Shedding Light on Coconut Oil's Bad Rap
Why it's Actually Great for You
For decades now, consumers have been told to avoid coconut fat because it is a saturated fat and therefore “bad.” It is indeed a saturated fat (92%), but if you look at its composition, you might be surprised to learn that coconut fat actually has beneficial properties that contribute to health and well-being.
Two thirds of coconut fats are medium chain fatty acids (MCFAs) which are easier to digest. They are readily converted into an energy source utilized by our body and brain. Lauric acid is one of the MCFAs in coconut fat that is very important to overall health, not only because it is a rich source of antioxidants and fat-soluble vitamins, but it also has anti-microbial, anti-fungal and anti-viral properties that aid digestion and strengthen the immune system. These MCFAs have also been shown to improve metabolism, support proper thyroid function, and even play a role in restoring and improving memory.

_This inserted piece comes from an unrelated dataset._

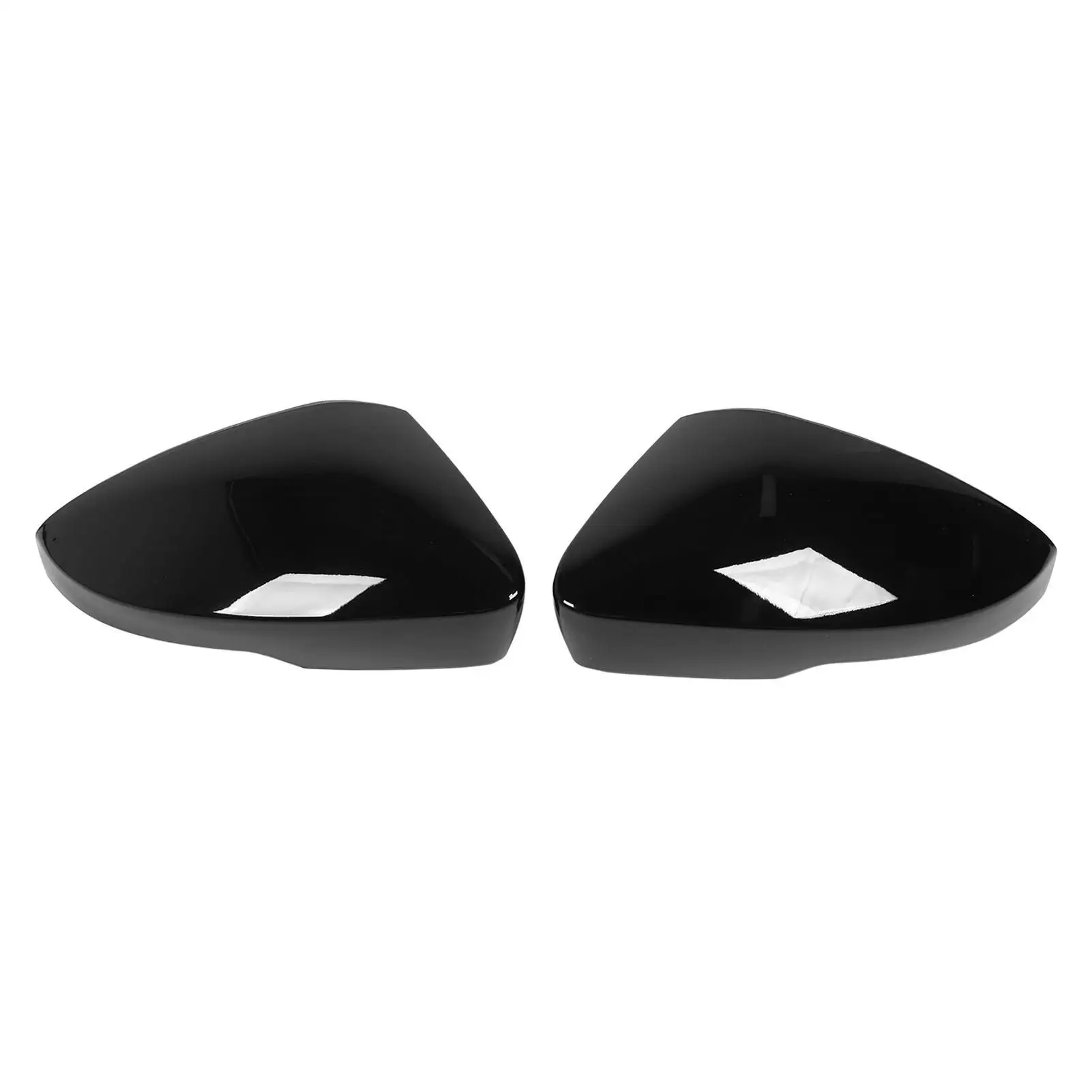 Rearview Mirror Housing Colorfast 1Pair Easy Installation Lightweight Gloss Black Door Mirror Cover for octavia Mk3 5E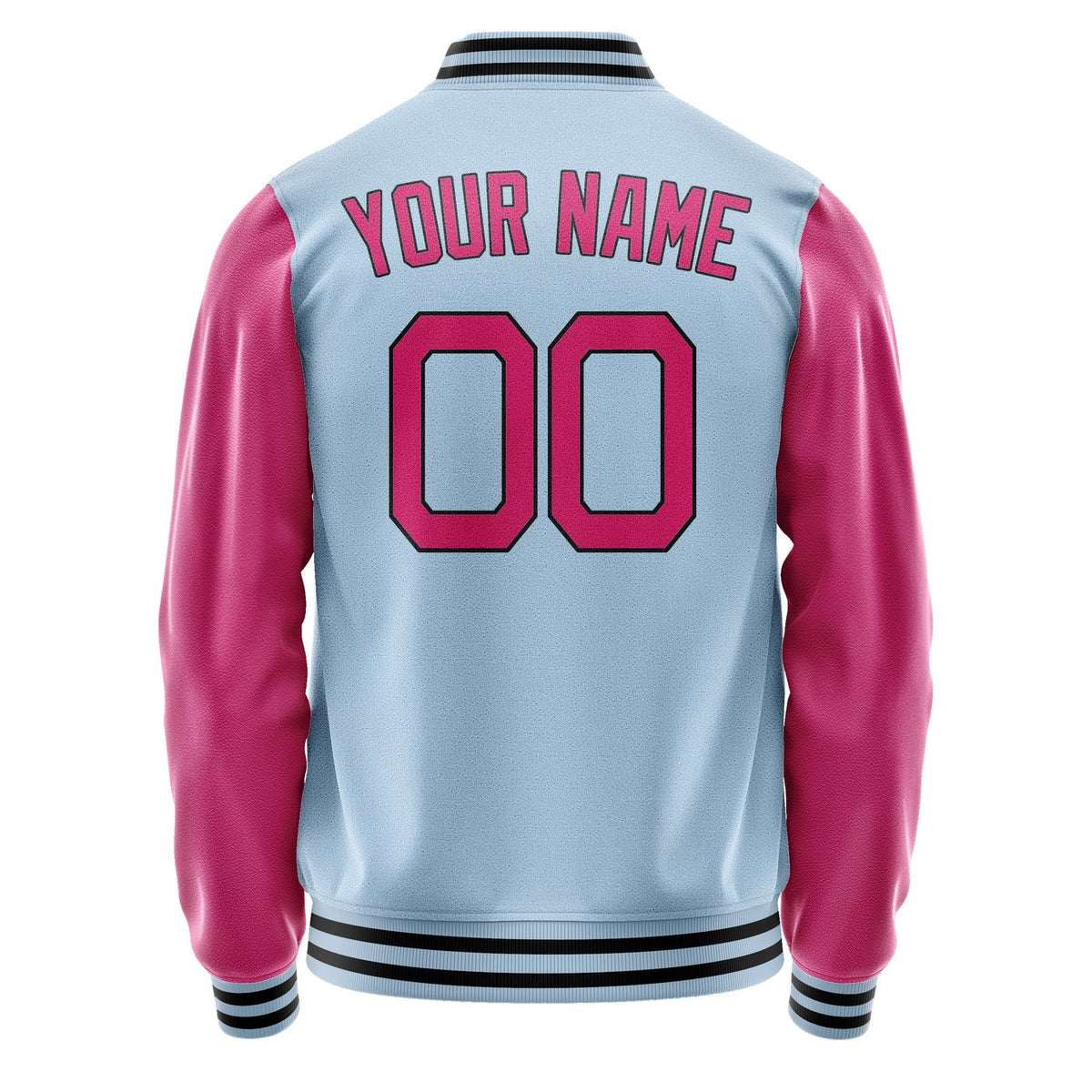 Custom Light Blue Pink Jacket JA0808130817B21713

Mary Enig Ph.D., a lipid biochemist and nutritionist working with the Weston Price Foundation, has done extensive research on saturated fats. Her research is liberating tropical saturated fats from the “bad” list by explaining how fats work in the body and their role as part of a healthy whole foods diet. Saturated fats are very stable and not prone to oxidation or rancidity. They play a key role in maintaining cell integrity, enhancing the immune system, protecting the liver from various toxins, and are a source of the fat soluble vitamins, A, D, E & K.

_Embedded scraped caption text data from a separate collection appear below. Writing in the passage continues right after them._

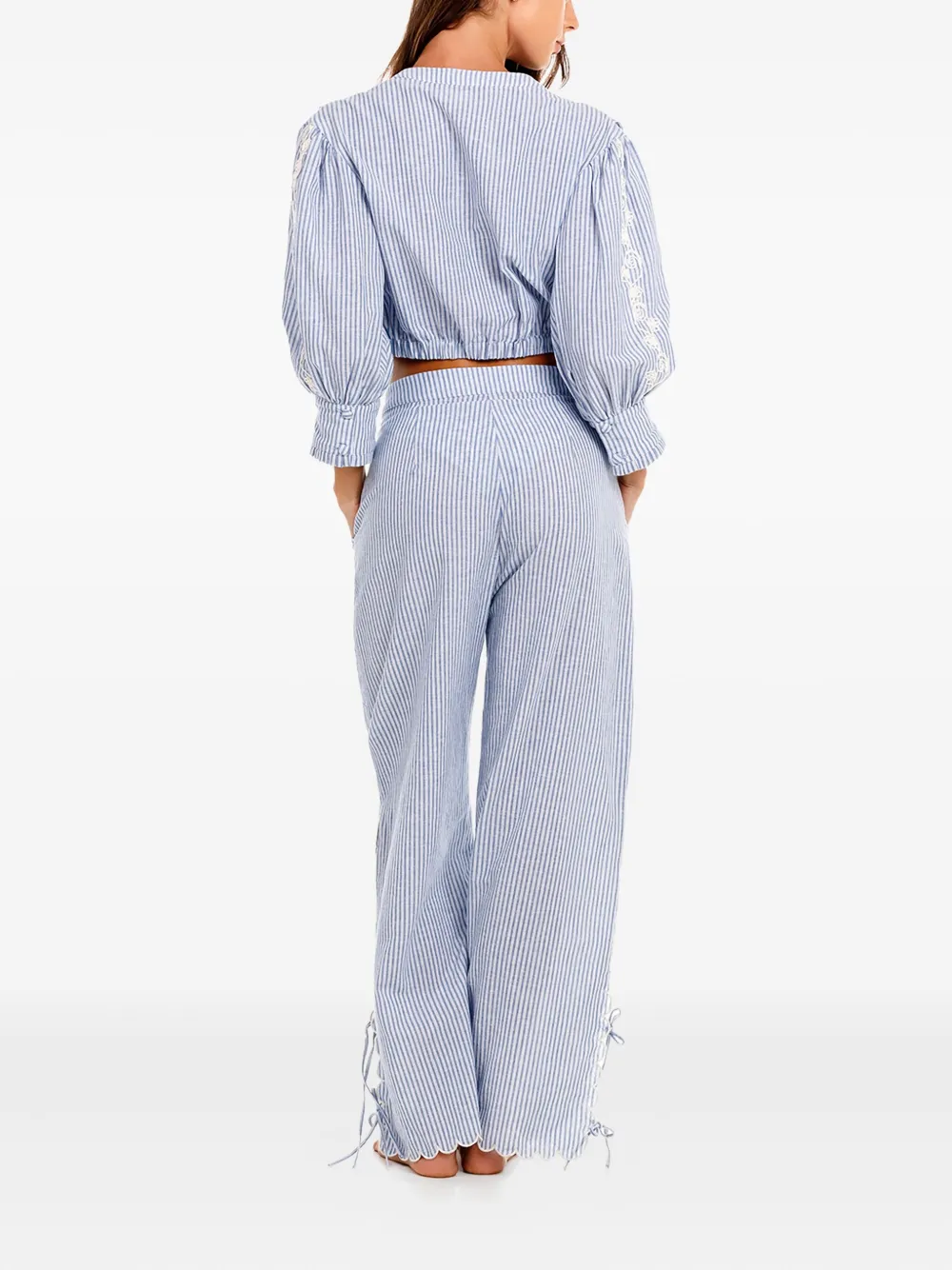  Agua Bendita Oprah Batik Trousers - Blue 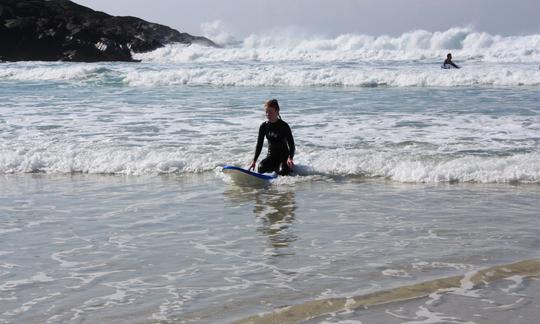 Surfeando en Ballyconneely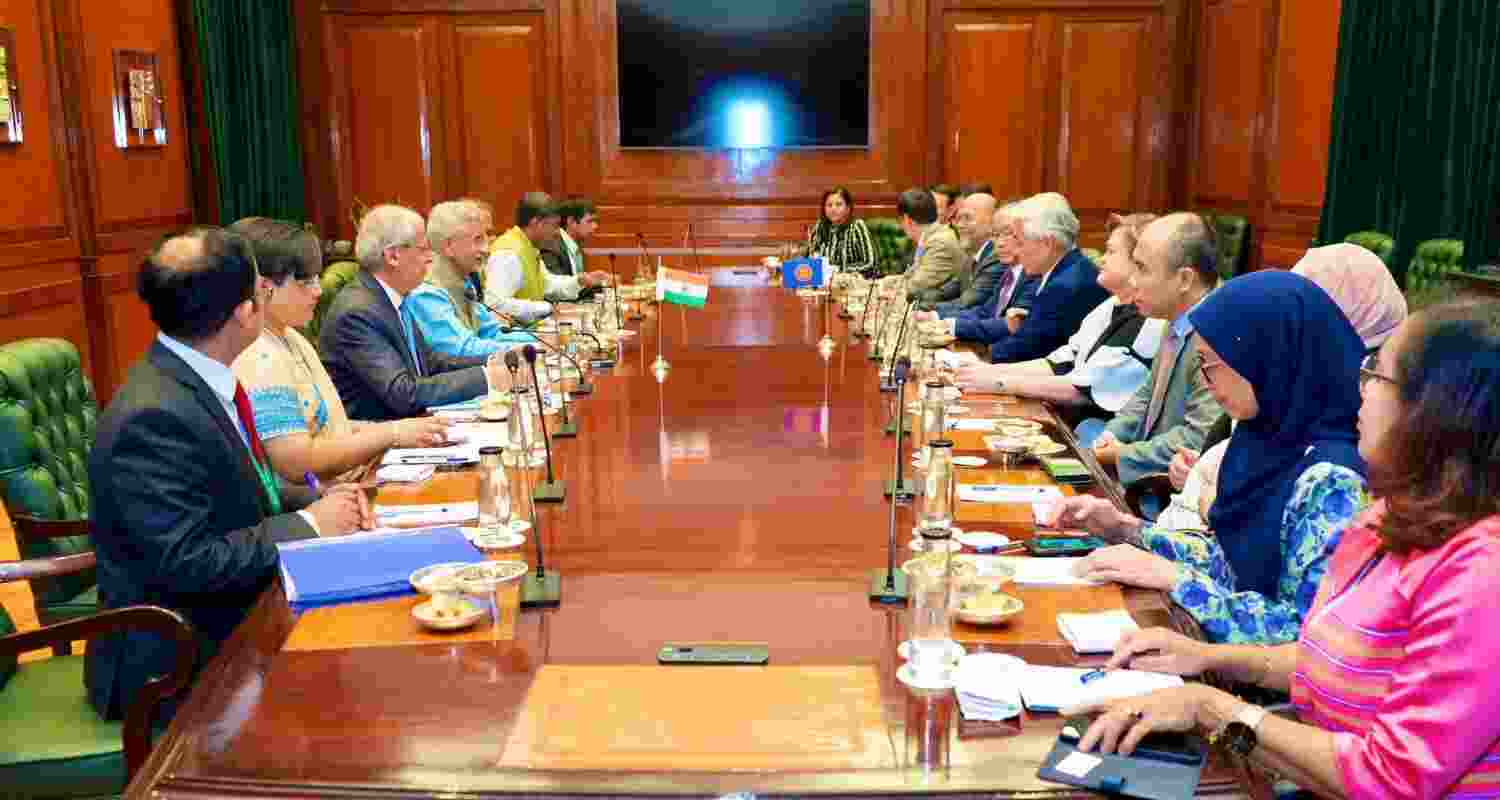 External Affairs Minister S. Jaishankar welcomed ASEAN Senior Officials. Image X.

The Weston Price Foundation has done extensive research on tropical native populations, and their diets and use of tropical oils including coconut oil. In essence, these cultures have been using these oils for thousands of years without adverse health effects such as obesity, heart disease, or diabetes. They were, in fact, quite healthy until the introduction of “Western” foods that were highly refined, sweetened, processed, and full of hydrogenated oils. It was after the introduction of these foods that these once-healthy populations started to develop heart disease and diabetes so prevalent here in our part of the world.

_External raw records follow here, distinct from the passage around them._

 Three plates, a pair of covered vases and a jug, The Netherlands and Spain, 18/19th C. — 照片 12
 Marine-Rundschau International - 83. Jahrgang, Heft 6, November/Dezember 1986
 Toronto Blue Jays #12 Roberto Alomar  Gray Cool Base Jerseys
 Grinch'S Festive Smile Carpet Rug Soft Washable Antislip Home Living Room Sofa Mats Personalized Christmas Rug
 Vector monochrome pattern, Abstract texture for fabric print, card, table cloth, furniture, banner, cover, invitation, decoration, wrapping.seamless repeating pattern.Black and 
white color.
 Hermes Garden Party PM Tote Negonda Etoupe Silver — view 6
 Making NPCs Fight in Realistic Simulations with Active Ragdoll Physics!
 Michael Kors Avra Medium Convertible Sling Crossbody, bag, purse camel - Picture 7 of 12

So perhaps we could take a cue from these native populations and refrain from isolating a food component as being good or bad. Instead, we could look at how whole foods make up a healthy diet, of which fats – including saturated fats – are an integral part.
Cooking with Coconut Oil
Coconut oil is great in baked goods and desserts. It has a smoke point of 350 degrees making it excellent for stir-frying and sauteing. When substituting coconut oil for butter or other oils, use a 1 to 1 ratio. Coconut oil is stable at room temperature so you can store it in your pantry for up to 2 years.